Prompt => In the material below, the line holding "ARTventurers owner Fiona" and every line after it should be reproduced exactly, please, with pictures omitted.

=======

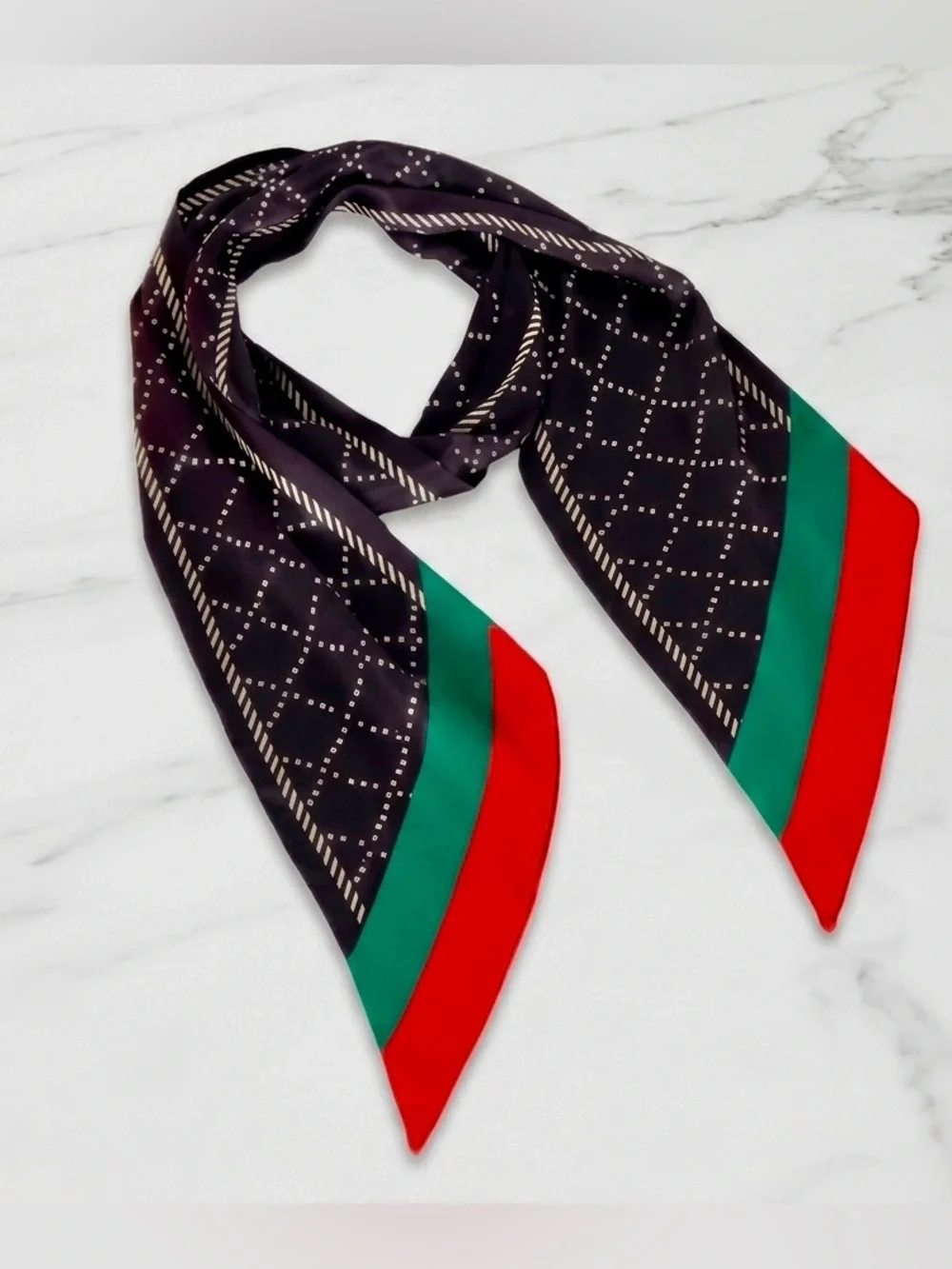 Elegant Twilly Scarf – Black Geometric Stripe Hair/Neck/Bag Accessory
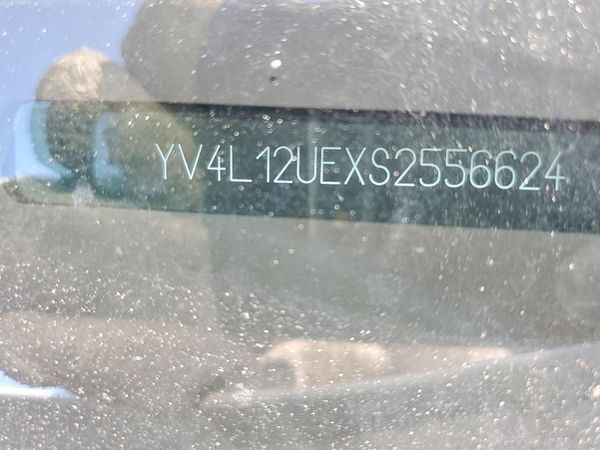 2025 VOLVO XC40 Plus Bright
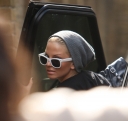 Sarah_seen_going_to_the_Studio2C_London_08_04_08_28829.jpg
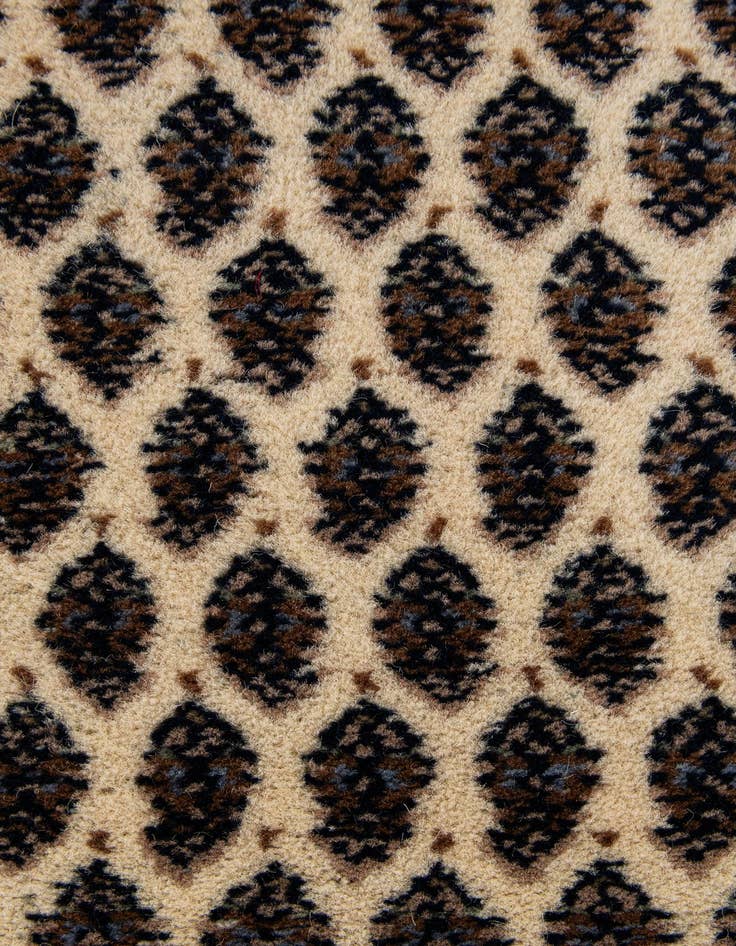 Detail image of  2' 11 x 5' 1  Hand Knotted Mir Wool Rug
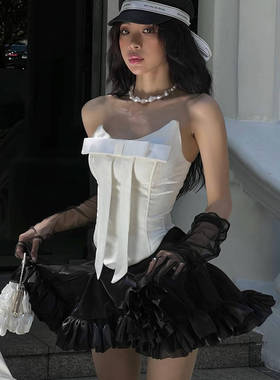 NANA代购【ninisesi】鱼骨吊带抹胸收腰蓬蓬连衣裙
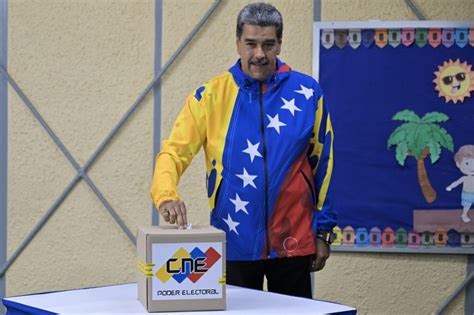 Maduro vence González por 51 a 44 diz o Conselho Nacional Eleitoral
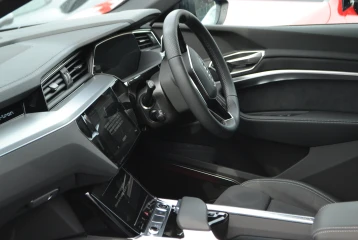 Audi Q8 e-tron 55 Quattro S Line, 2023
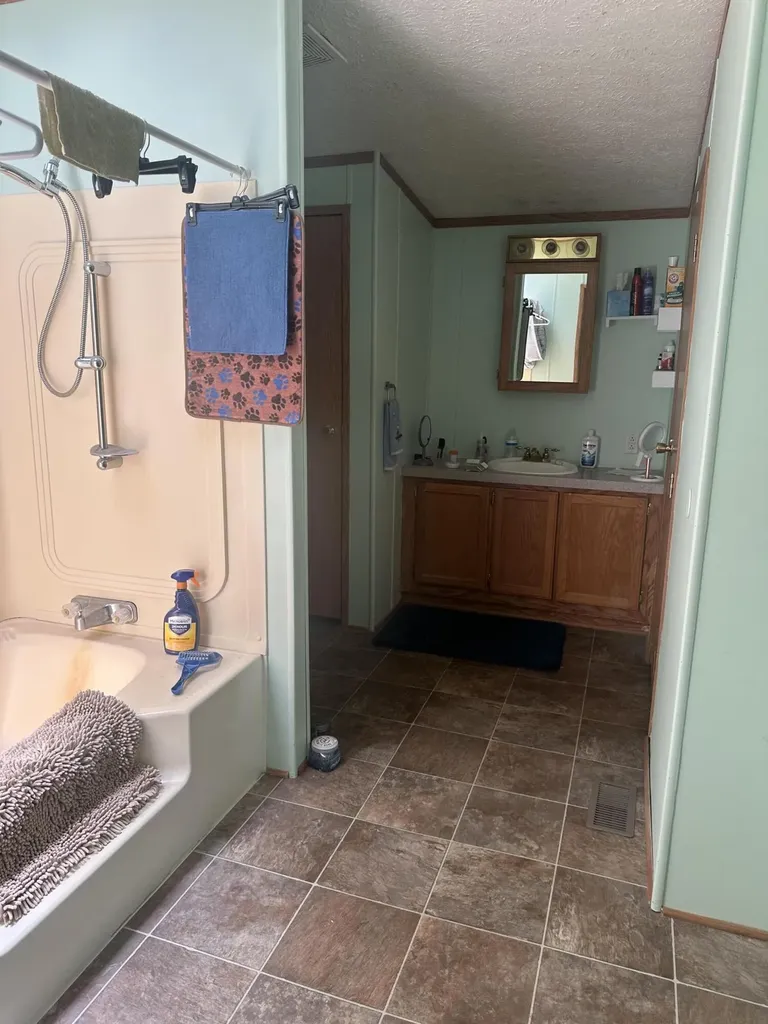 4932 E Polk Street Norwich Township MI 49349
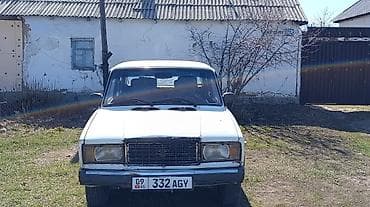 ВАЗ (ЛАДА) 2107: 2002 г., 1.5 л, Механика, Бензин, Седан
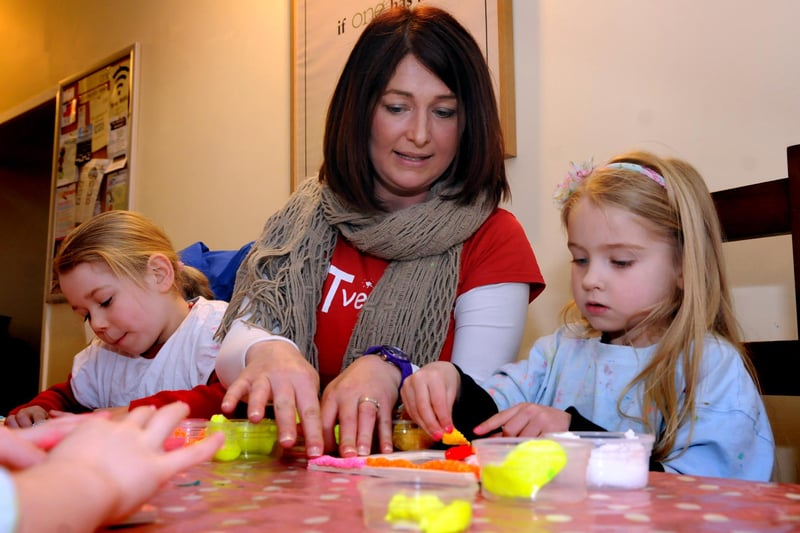 ARTventurers owner Fiona Simpson was pictured working with youngsters at Cafe Bar One, Harton Village, in 2013. ARTventurers encourages children to enjoy art.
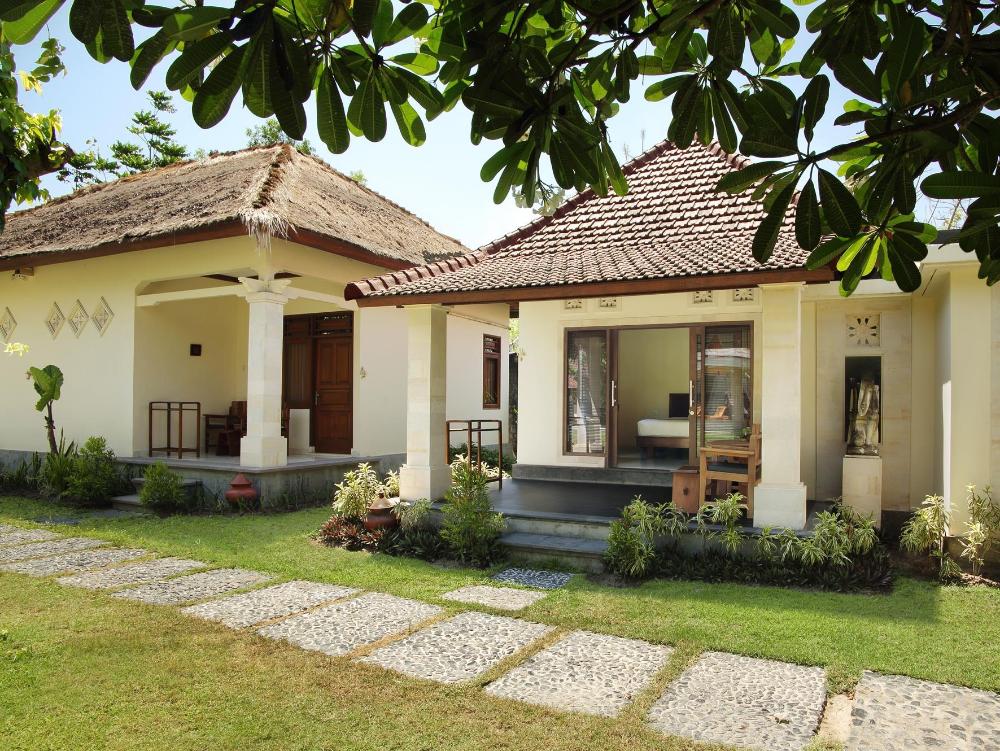 puri rinjani bungalows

=======

Output below =>
 ARTventurers owner Fiona Simpson was pictured working with youngsters at Cafe Bar One, Harton Village, in 2013. ARTventurers encourages children to enjoy art.
 puri rinjani bungalows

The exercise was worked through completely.